◆ **DIRECTIONS FOR THIS TASK**:
Output the data in full. Keep every word exact and exclude the pictures.

◆ **DATA EXTRACT**:

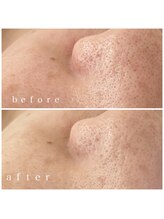 メナードフェイシャルサロン 岐阜茜部/ビタミン生パック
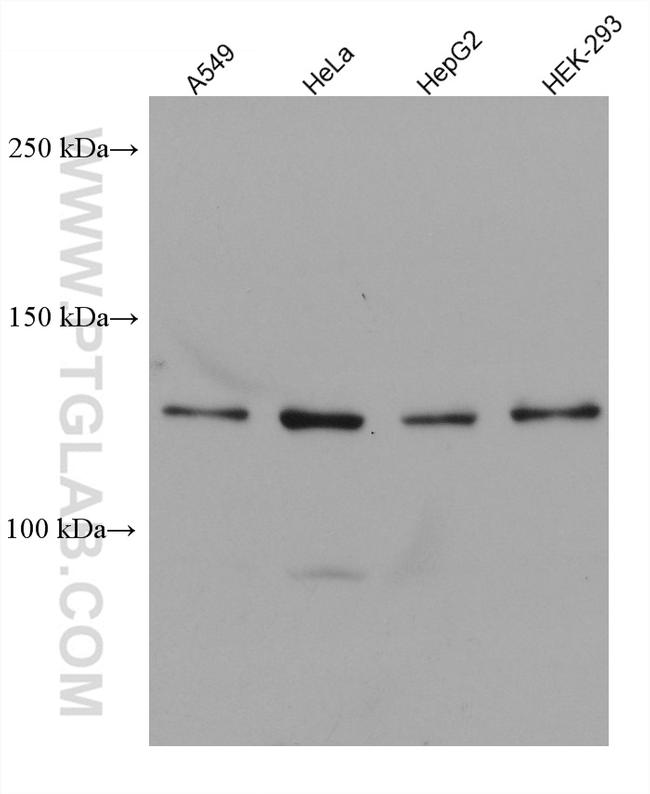 USP25 Antibody in Western Blot (WB)
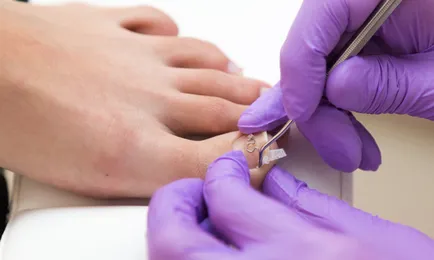Benőtt köröm, mint a gyógyítás Benőtt köröm, mint a gyógyítás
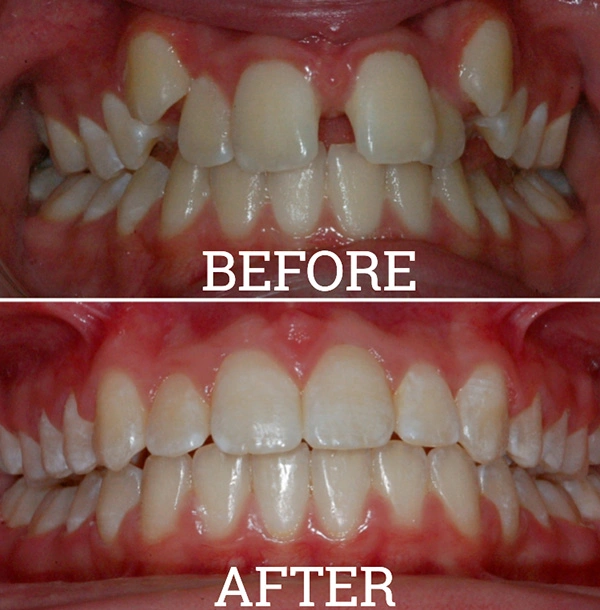 Teeth Before And After Orthodontic Treatment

◆ **ANSWER BOX**:
 メナードフェイシャルサロン 岐阜茜部/ビタミン生パック
 USP25 Antibody in Western Blot (WB)
Benőtt köröm, mint a gyógyítás Benőtt köröm, mint a gyógyítás
 Teeth Before And After Orthodontic Treatment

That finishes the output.